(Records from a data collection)
○ ○ ○ ○

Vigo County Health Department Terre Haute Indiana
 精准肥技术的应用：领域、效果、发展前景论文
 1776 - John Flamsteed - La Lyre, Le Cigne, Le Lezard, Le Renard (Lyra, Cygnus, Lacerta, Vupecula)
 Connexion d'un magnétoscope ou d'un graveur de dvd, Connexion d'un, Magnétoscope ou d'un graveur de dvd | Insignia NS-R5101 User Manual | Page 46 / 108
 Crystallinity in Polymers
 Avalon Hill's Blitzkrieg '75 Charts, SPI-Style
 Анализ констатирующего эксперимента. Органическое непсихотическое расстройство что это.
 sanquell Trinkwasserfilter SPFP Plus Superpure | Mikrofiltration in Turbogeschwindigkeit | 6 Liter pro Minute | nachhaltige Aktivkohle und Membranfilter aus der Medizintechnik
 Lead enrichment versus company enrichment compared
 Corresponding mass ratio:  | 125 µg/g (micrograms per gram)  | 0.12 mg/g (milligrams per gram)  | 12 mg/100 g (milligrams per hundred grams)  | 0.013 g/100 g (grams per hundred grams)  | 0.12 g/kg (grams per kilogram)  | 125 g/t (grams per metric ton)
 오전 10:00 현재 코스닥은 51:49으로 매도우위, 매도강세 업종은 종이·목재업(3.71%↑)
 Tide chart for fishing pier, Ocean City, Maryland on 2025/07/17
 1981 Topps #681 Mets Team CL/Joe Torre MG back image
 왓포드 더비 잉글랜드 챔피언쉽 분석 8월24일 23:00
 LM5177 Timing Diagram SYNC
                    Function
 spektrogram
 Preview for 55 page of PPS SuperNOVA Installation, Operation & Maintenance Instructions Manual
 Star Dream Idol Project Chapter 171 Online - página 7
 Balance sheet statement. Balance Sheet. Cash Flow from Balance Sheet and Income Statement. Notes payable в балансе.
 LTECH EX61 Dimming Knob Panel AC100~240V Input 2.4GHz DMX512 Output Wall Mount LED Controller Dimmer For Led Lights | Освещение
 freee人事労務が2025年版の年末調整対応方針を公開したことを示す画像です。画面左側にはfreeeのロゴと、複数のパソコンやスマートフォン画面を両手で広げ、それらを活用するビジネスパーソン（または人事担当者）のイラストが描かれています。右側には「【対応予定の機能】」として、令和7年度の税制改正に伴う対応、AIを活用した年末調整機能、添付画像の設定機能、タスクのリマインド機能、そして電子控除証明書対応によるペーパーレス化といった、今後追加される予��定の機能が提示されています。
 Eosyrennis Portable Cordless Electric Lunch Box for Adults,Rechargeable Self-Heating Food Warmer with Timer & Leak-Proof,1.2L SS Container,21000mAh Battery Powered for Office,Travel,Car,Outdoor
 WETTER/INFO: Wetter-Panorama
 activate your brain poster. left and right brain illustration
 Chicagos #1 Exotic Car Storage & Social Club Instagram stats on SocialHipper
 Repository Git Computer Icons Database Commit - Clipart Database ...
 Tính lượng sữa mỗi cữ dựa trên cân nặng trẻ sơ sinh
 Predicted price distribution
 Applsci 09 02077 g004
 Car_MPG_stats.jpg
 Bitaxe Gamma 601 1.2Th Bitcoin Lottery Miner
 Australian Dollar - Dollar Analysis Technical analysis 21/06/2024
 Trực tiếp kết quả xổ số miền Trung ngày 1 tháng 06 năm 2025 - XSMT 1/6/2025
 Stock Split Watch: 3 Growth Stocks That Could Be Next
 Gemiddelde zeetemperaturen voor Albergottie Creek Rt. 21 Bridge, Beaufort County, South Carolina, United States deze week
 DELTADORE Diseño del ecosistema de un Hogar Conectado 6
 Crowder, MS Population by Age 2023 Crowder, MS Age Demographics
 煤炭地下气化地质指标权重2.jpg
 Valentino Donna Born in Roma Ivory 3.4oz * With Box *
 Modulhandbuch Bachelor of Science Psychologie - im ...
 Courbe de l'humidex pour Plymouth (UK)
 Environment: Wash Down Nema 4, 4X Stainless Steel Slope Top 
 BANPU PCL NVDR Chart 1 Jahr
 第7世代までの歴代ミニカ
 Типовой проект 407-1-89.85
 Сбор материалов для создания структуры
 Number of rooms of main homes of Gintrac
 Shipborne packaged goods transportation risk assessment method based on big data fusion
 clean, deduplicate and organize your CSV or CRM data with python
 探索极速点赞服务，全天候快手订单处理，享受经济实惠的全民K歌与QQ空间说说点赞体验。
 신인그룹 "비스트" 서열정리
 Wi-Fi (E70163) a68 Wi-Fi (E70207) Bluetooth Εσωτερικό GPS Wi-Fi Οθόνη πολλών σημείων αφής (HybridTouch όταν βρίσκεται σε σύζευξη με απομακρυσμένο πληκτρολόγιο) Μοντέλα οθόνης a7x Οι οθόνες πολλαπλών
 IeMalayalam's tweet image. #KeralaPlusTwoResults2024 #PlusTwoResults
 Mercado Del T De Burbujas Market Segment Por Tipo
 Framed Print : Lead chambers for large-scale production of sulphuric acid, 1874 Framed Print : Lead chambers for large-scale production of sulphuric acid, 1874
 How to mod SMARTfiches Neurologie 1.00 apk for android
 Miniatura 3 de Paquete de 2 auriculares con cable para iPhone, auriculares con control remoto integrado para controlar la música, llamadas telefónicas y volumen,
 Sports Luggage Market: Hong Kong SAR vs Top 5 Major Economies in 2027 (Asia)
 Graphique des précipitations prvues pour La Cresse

○ ○ ○ ○

- [Your assignment] Repeat the full set of records exactly.

- [Response area]
Vigo County Health Department Terre Haute Indiana
 精准肥技术的应用：领域、效果、发展前景论文
 1776 - John Flamsteed - La Lyre, Le Cigne, Le Lezard, Le Renard (Lyra, Cygnus, Lacerta, Vupecula)
 Connexion d'un magnétoscope ou d'un graveur de dvd, Connexion d'un, Magnétoscope ou d'un graveur de dvd | Insignia NS-R5101 User Manual | Page 46 / 108
 Crystallinity in Polymers
 Avalon Hill's Blitzkrieg '75 Charts, SPI-Style
 Анализ констатирующего эксперимента. Органическое непсихотическое расстройство что это.
 sanquell Trinkwasserfilter SPFP Plus Superpure | Mikrofiltration in Turbogeschwindigkeit | 6 Liter pro Minute | nachhaltige Aktivkohle und Membranfilter aus der Medizintechnik
 Lead enrichment versus company enrichment compared
 Corresponding mass ratio:  | 125 µg/g (micrograms per gram)  | 0.12 mg/g (milligrams per gram)  | 12 mg/100 g (milligrams per hundred grams)  | 0.013 g/100 g (grams per hundred grams)  | 0.12 g/kg (grams per kilogram)  | 125 g/t (grams per metric ton)
 오전 10:00 현재 코스닥은 51:49으로 매도우위, 매도강세 업종은 종이·목재업(3.71%↑)
 Tide chart for fishing pier, Ocean City, Maryland on 2025/07/17
 1981 Topps #681 Mets Team CL/Joe Torre MG back image
 왓포드 더비 잉글랜드 챔피언쉽 분석 8월24일 23:00
 LM5177 Timing Diagram SYNC
                    Function
 spektrogram
 Preview for 55 page of PPS SuperNOVA Installation, Operation & Maintenance Instructions Manual
 Star Dream Idol Project Chapter 171 Online - página 7
 Balance sheet statement. Balance Sheet. Cash Flow from Balance Sheet and Income Statement. Notes payable в балансе.
 LTECH EX61 Dimming Knob Panel AC100~240V Input 2.4GHz DMX512 Output Wall Mount LED Controller Dimmer For Led Lights | Освещение
 freee人事労務が2025年版の年末調整対応方針を公開したことを示す画像です。画面左側にはfreeeのロゴと、複数のパソコンやスマートフォン画面を両手で広げ、それらを活用するビジネスパーソン（または人事担当者）のイラストが描かれています。右側には「【対応予定の機能】」として、令和7年度の税制改正に伴う対応、AIを活用した年末調整機能、添付画像の設定機能、タスクのリマインド機能、そして電子控除証明書対応によるペーパーレス化といった、今後追加される予��定の機能が提示されています。
 Eosyrennis Portable Cordless Electric Lunch Box for Adults,Rechargeable Self-Heating Food Warmer with Timer & Leak-Proof,1.2L SS Container,21000mAh Battery Powered for Office,Travel,Car,Outdoor
 WETTER/INFO: Wetter-Panorama
 activate your brain poster. left and right brain illustration
 Chicagos #1 Exotic Car Storage & Social Club Instagram stats on SocialHipper
 Repository Git Computer Icons Database Commit - Clipart Database ...
 Tính lượng sữa mỗi cữ dựa trên cân nặng trẻ sơ sinh
 Predicted price distribution
 Applsci 09 02077 g004
 Car_MPG_stats.jpg
 Bitaxe Gamma 601 1.2Th Bitcoin Lottery Miner
 Australian Dollar - Dollar Analysis Technical analysis 21/06/2024
 Trực tiếp kết quả xổ số miền Trung ngày 1 tháng 06 năm 2025 - XSMT 1/6/2025
 Stock Split Watch: 3 Growth Stocks That Could Be Next
 Gemiddelde zeetemperaturen voor Albergottie Creek Rt. 21 Bridge, Beaufort County, South Carolina, United States deze week
 DELTADORE Diseño del ecosistema de un Hogar Conectado 6
 Crowder, MS Population by Age 2023 Crowder, MS Age Demographics
 煤炭地下气化地质指标权重2.jpg
 Valentino Donna Born in Roma Ivory 3.4oz * With Box *
 Modulhandbuch Bachelor of Science Psychologie - im ...
 Courbe de l'humidex pour Plymouth (UK)
 Environment: Wash Down Nema 4, 4X Stainless Steel Slope Top 
 BANPU PCL NVDR Chart 1 Jahr
 第7世代までの歴代ミニカ
 Типовой проект 407-1-89.85
 Сбор материалов для создания структуры
 Number of rooms of main homes of Gintrac
 Shipborne packaged goods transportation risk assessment method based on big data fusion
 clean, deduplicate and organize your CSV or CRM data with python
 探索极速点赞服务，全天候快手订单处理，享受经济实惠的全民K歌与QQ空间说说点赞体验。
 신인그룹 "비스트" 서열정리
 Wi-Fi (E70163) a68 Wi-Fi (E70207) Bluetooth Εσωτερικό GPS Wi-Fi Οθόνη πολλών σημείων αφής (HybridTouch όταν βρίσκεται σε σύζευξη με απομακρυσμένο πληκτρολόγιο) Μοντέλα οθόνης a7x Οι οθόνες πολλαπλών
 IeMalayalam's tweet image. #KeralaPlusTwoResults2024 #PlusTwoResults
 Mercado Del T De Burbujas Market Segment Por Tipo
 Framed Print : Lead chambers for large-scale production of sulphuric acid, 1874 Framed Print : Lead chambers for large-scale production of sulphuric acid, 1874
 How to mod SMARTfiches Neurologie 1.00 apk for android
 Miniatura 3 de Paquete de 2 auriculares con cable para iPhone, auriculares con control remoto integrado para controlar la música, llamadas telefónicas y volumen,
 Sports Luggage Market: Hong Kong SAR vs Top 5 Major Economies in 2027 (Asia)
 Graphique des précipitations prvues pour La Cresse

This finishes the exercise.